Questions to be thinking about as you move through the content of this chapter

  1. Describe the relationship between the railroad and industrialization.
  2. Who were the “new industrial giants?”  Why were they also called “robber barons?”
  3. How did the Industrial Revolution lead to a new class consciousness for both the middle and working classes?
  4. Discuss the factors leading to labor unrest in the late nineteenth century.
  5. How did the emergence of corporations change the American economy? 
  6. Discuss the advantages and disadvantages of the nineteenth-century American economy’s reliance on the efficiencies of scale.
  7. How did industrialization lead to the emergence of a new category of worker, typically called “the proletariat”?  To answer this questions, you will need to consider what proletariat means and how industrialization engendered it.
  8. How did the Second Industrial Revolution contribute to income inequality?
  9. What is Social Darwinism?  How was it used to justify the inequality that accompanied the Second Industrial Revolution?
  10. What factors led to the rise of the People’s (Populist) Party?  What factors led to its decline?
  11. What factors led to the rise of the Socialist Party?  What factors led to its decline?
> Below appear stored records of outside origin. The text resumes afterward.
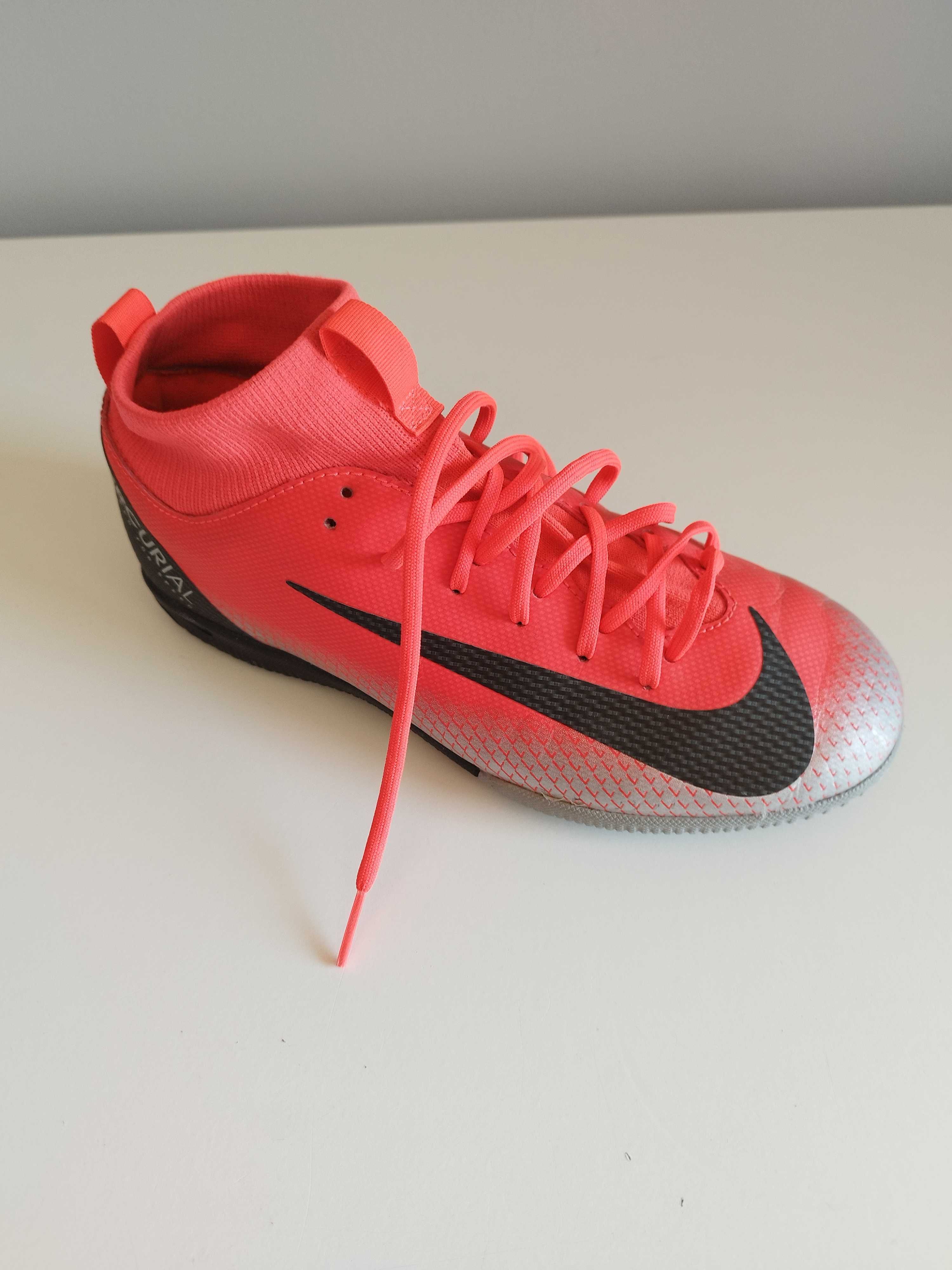 Buty halówki Nike Mercurial Chapter 7, rozmiar 37,5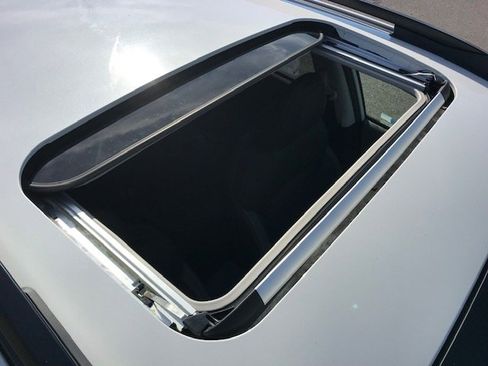 Certified 2025 Subaru Crosstrek 2.5i Limited w/ Popular Package #4A image 9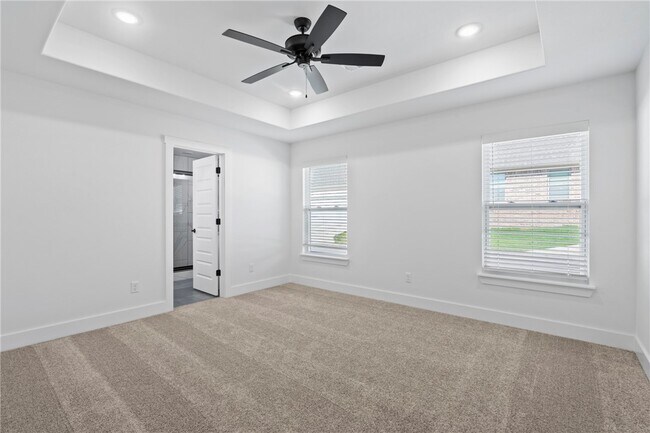 Building Photo - 4206 SW Adams Rd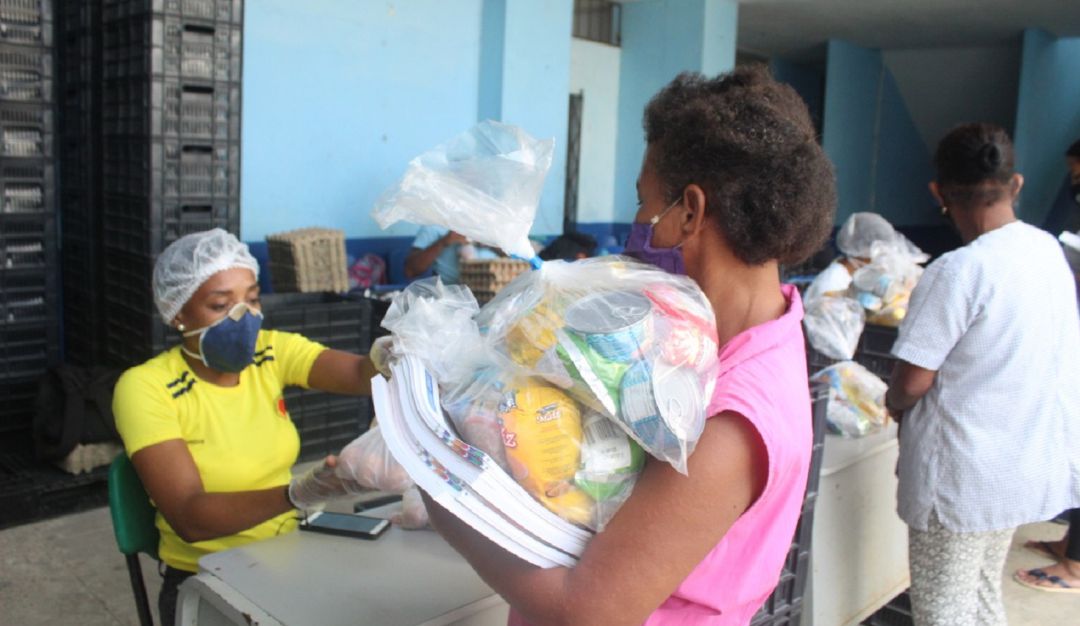 Entrega del PAE a los padres de familia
Chapter 17: Conquering the West

Native Americans long dominated the vastness of the American West. Linked culturally and geographically by trade, travel, and warfare, various indigenous groups controlled most of the continent west of the Mississippi River deep into the nineteenth century. Spanish, French, British, and later American traders had integrated themselves into many regional economies, and American emigrants pushed ever westward, but no imperial power had yet achieved anything approximating political or military control over the great bulk of the continent. But then the Civil War came and went and decoupled the West from the question of slavery just as the United States industrialized and laid down rails and pushed its ever-expanding population ever-farther west.

Indigenous Americans had lived in North America for over ten millennia and, into the late-nineteenth century, perhaps as many as 250,000 natives still inhabited the American West.1 But then unending waves of American settlers, the American military, and the unstoppable onrush of American capital conquered all. The United States removed native groups to ever-shrinking reservations, incorporated the West first as territories and then as states, and, for the first time in its history, controlled the enormity of land between the two oceans.

The history of the late-nineteenth-century West is many-sided. Tragedy for some, triumph for others, the many intertwined histories of the American West marked a pivotal transformation in the history of the United States. Read more of Chapter 17 from the American Yawp.

Questions to be thinking about as you move through the content of this chapter

  1. Discuss the reasons for such dramatic population growth in the west from 1860-1900.
  2. How did the Sand Creek Massacre lead to a push for a “Peace Policy”?  How did it change the American approach to Indian policy?
  3. What role did religion play in American Indian policy after 1868?
  4. How did the US secure their hold over the west?  Be sure that you can discuss this question from several perspectives: military; social; economic; political; and cultural.
  5. How did the railroad transform the United States and “make” the American West?  Be sure to consider how it transformed the lives of Native Americans as well as Americans moving westward.
  6. In what ways did the US government subsidize the growth of the west?
  7. What were the consequences (long term and short term) of the Dawes Act?
  8. How did the Wild West Show create the “myth of the west?”
  9. Discuss Turner’s “Frontier Thesis” with regard to the growth of the west.
  10. In what ways has the history of west been mythologized into a story of relentless progress and self-sufficiency?